Using the listing below, set down exactly the lines from the one that contains "Citroen E-Berlingo 1" through the one that contains "Bosch TWK7804 electric", with no pictures.

→ AVAILABLE RECORDS:
- - - - - - -
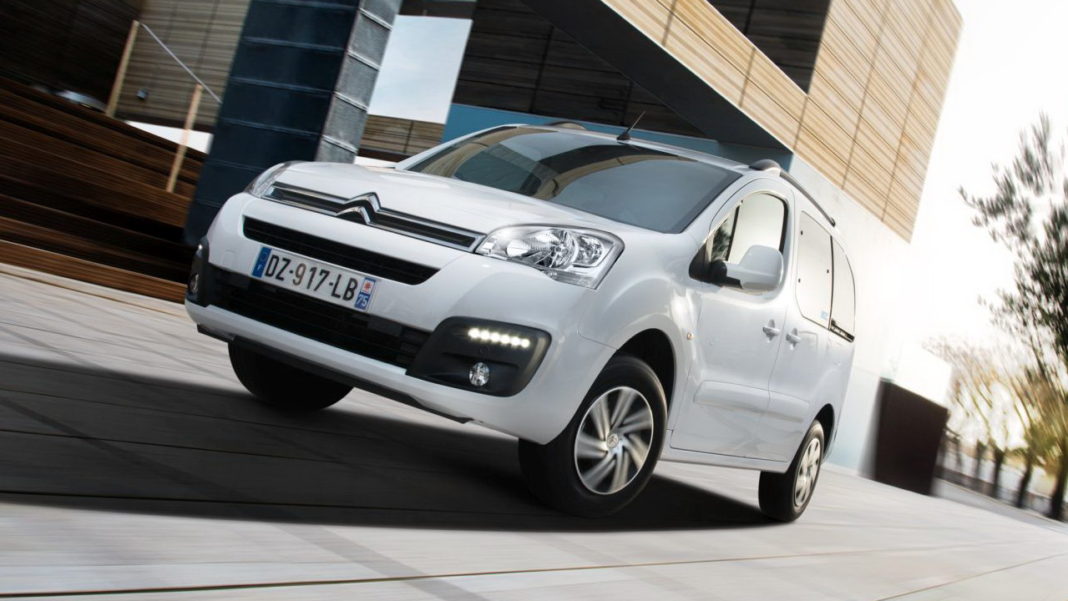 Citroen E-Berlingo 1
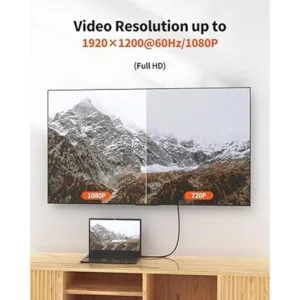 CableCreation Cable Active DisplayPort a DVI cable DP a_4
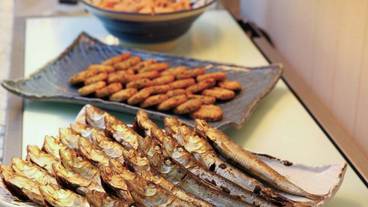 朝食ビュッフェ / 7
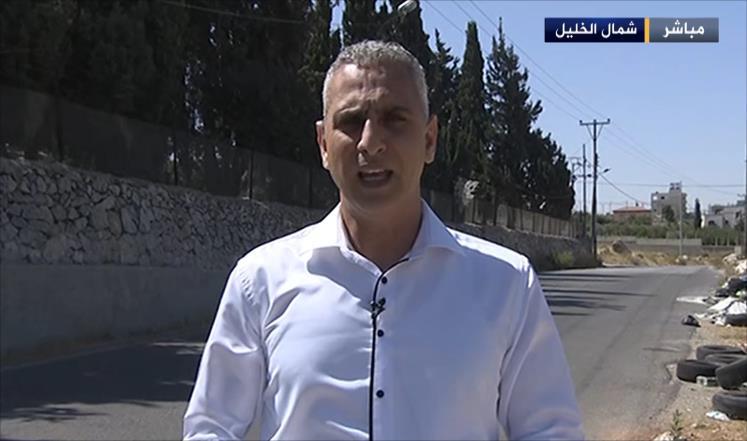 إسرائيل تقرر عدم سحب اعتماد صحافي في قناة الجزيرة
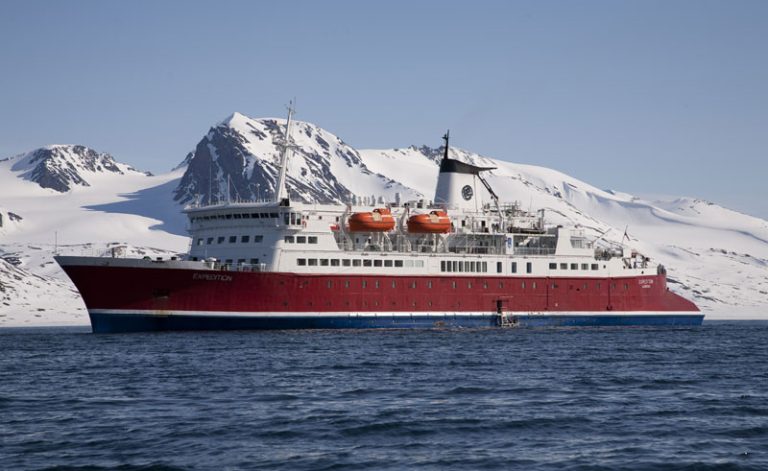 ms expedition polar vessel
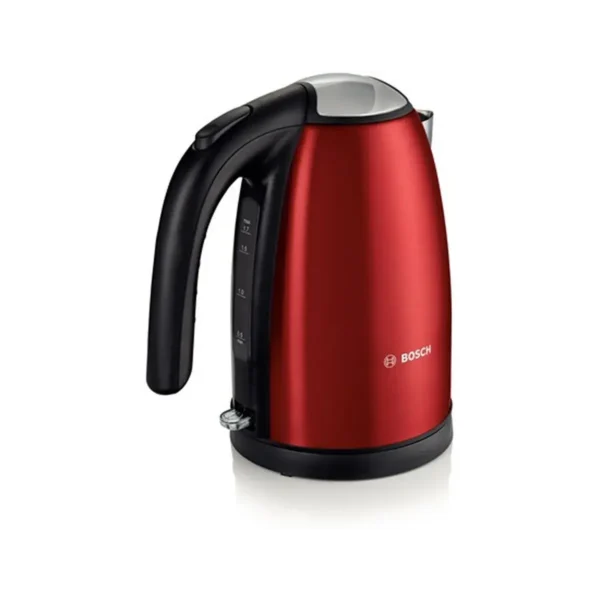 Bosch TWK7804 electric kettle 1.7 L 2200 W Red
- - - - - - -
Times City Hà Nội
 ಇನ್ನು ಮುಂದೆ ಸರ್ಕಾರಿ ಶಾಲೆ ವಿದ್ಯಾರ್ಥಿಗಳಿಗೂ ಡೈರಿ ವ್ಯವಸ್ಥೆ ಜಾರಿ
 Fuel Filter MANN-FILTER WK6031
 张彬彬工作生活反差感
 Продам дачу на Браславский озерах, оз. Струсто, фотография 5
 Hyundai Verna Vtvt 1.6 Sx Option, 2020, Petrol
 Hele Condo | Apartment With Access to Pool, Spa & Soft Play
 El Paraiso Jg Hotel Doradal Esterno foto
- - - - - - -
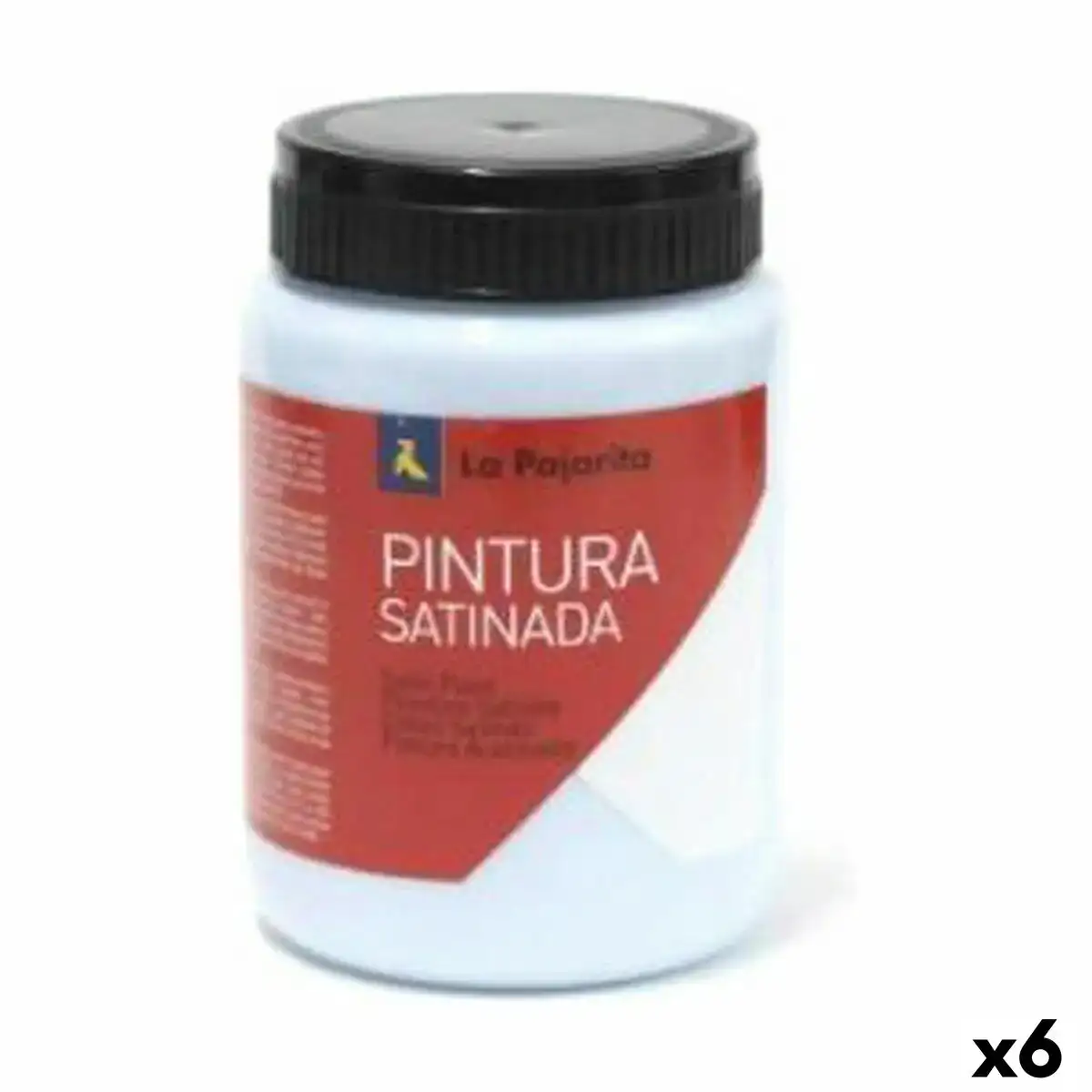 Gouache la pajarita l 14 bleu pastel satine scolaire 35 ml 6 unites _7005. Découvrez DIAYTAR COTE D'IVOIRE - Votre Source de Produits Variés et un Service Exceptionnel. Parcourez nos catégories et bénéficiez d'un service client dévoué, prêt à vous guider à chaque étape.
- - - - - - -
→ EXERCISE OUTPUT:
 Citroen E-Berlingo 1
 CableCreation Cable Active DisplayPort a DVI cable DP a_4
 朝食ビュッフェ / 7
 إسرائيل تقرر عدم سحب اعتماد صحافي في قناة الجزيرة
 ms expedition polar vessel
 Bosch TWK7804 electric kettle 1.7 L 2200 W Red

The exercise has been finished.